Records excerpted from a collection:
━━━━━━
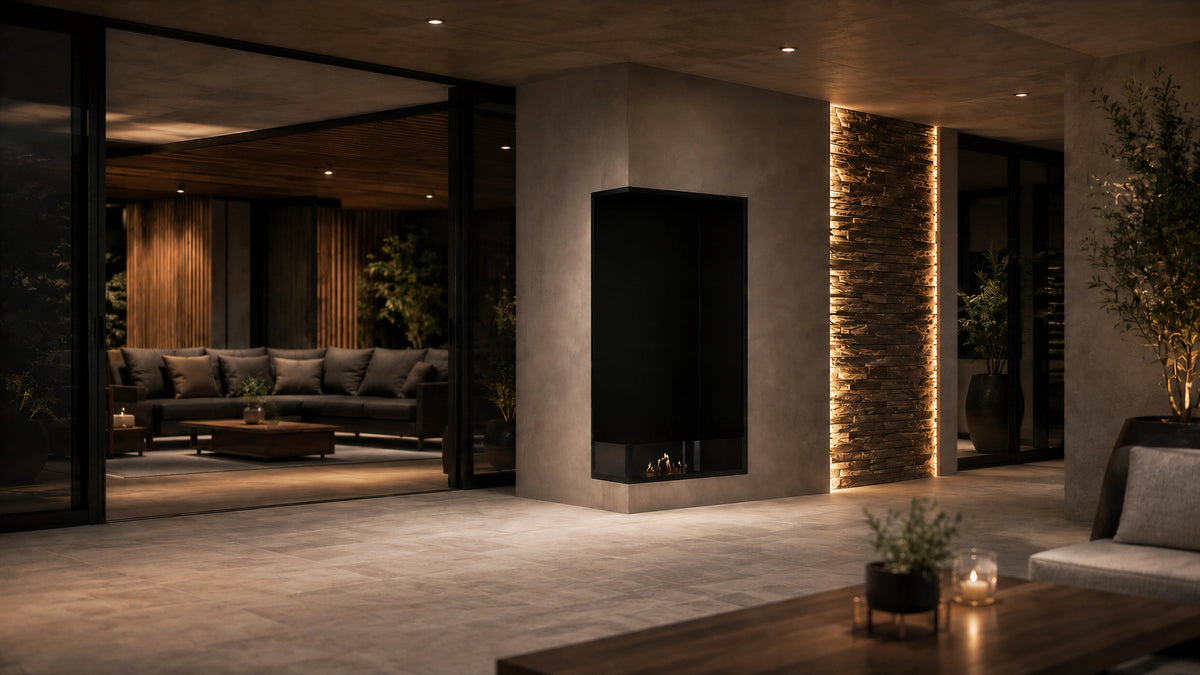 Wild Flame Base verticale bio-ethanol inbouw hoekhaard links 60 x 120 cm – detailfoto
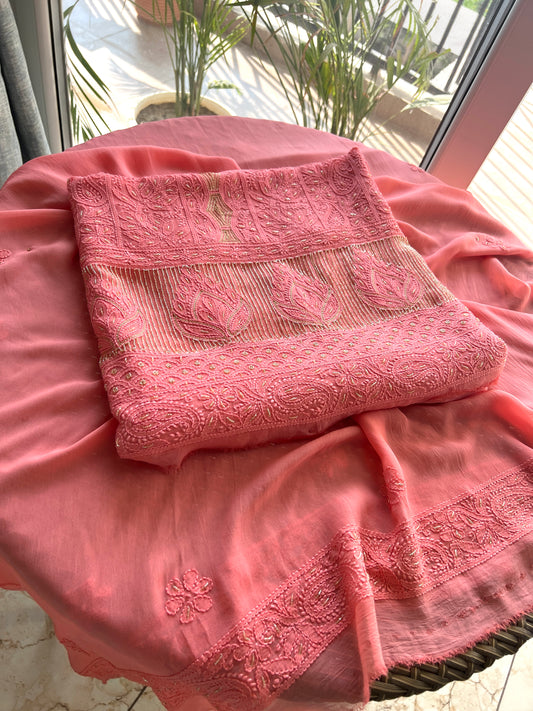 Chikankari golden Cut Dana and aari work Kurta and Dupatta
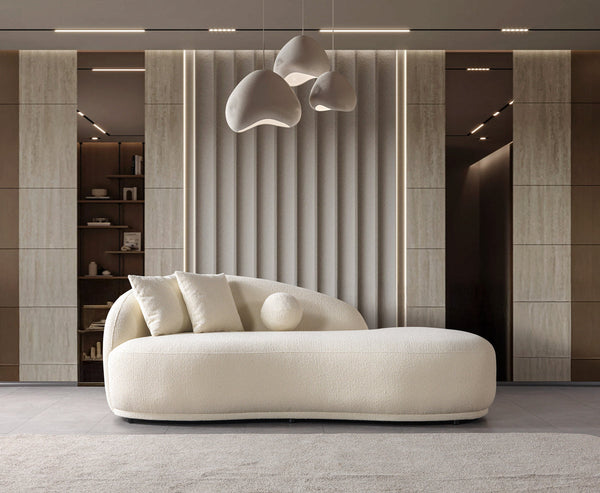 Bonita Ivory Boucle Sofa Chaise 87" from Decor Furniture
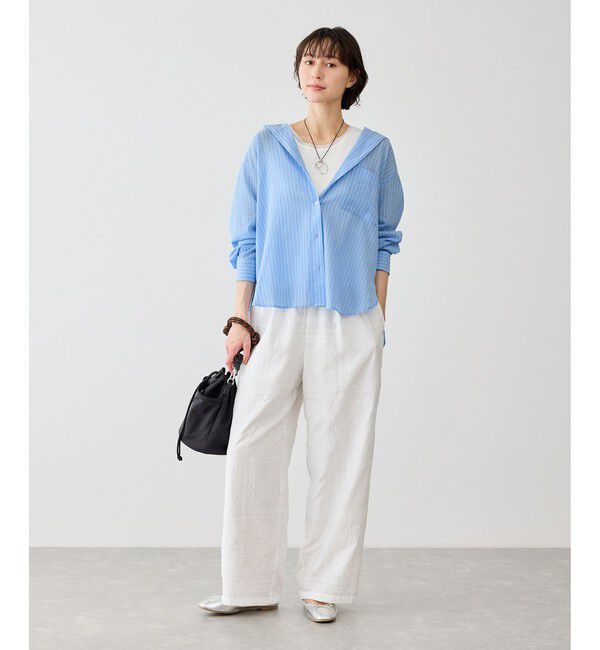 Rope&rsquo;Picnic「お着軽シャツシリーズ コットンボイルフーディーシャツ/接触冷感・通気性」|シャツ・ブラウス|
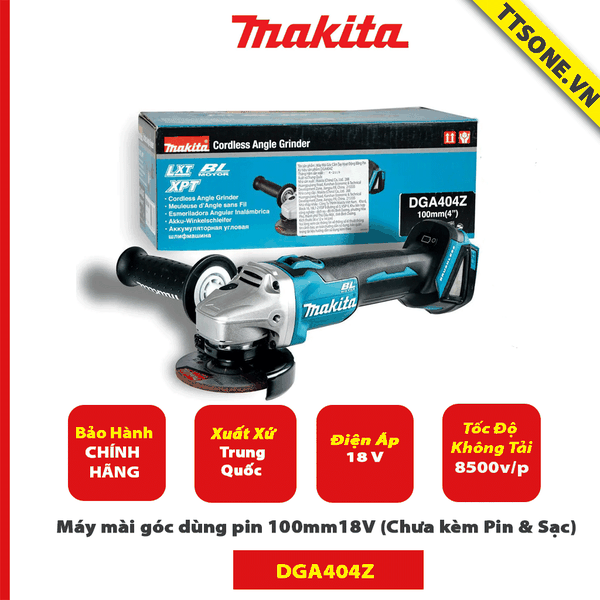 Máy mài góc dùng pin 100mm Makita DGA404Z 18V (Chưa kèm Pin & Sạc) - Chính Hãng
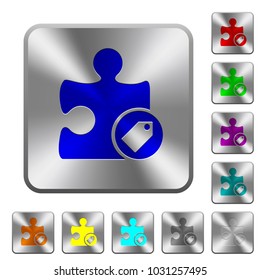 Tag plugin engraved icons on rounded square glossy steel buttons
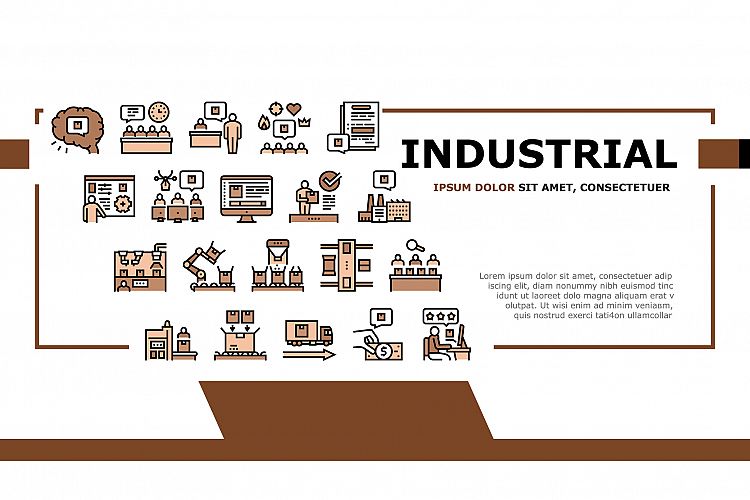 Industrial Process Landing Header Vector example image 1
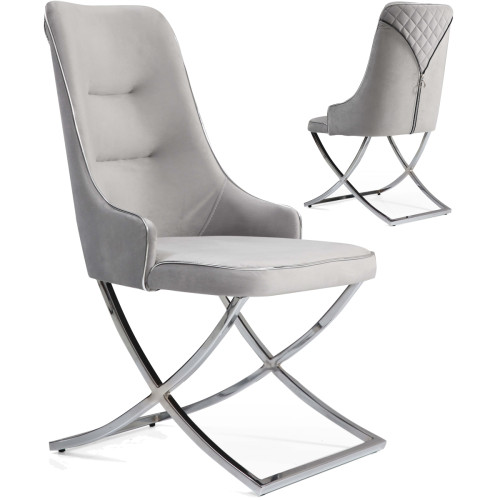 Vivenla - Lot de 2 chaises de salle à manger design en velours coloris Gris clair avec piètement en acier argenté  collection ADORE L. 40 x P. 56 x H. 93 cm - Chaises Lot de 2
━━━━━━
**What you should do**
From the opening line of the entries, copy each line exactly until the line with "Bonita Ivory Boucle", which is copied as well; leave out pictures.

**Answer box**
 Wild Flame Base verticale bio-ethanol inbouw hoekhaard links 60 x 120 cm – detailfoto
 Chikankari golden Cut Dana and aari work Kurta and Dupatta
 Bonita Ivory Boucle Sofa Chaise 87" from Decor Furniture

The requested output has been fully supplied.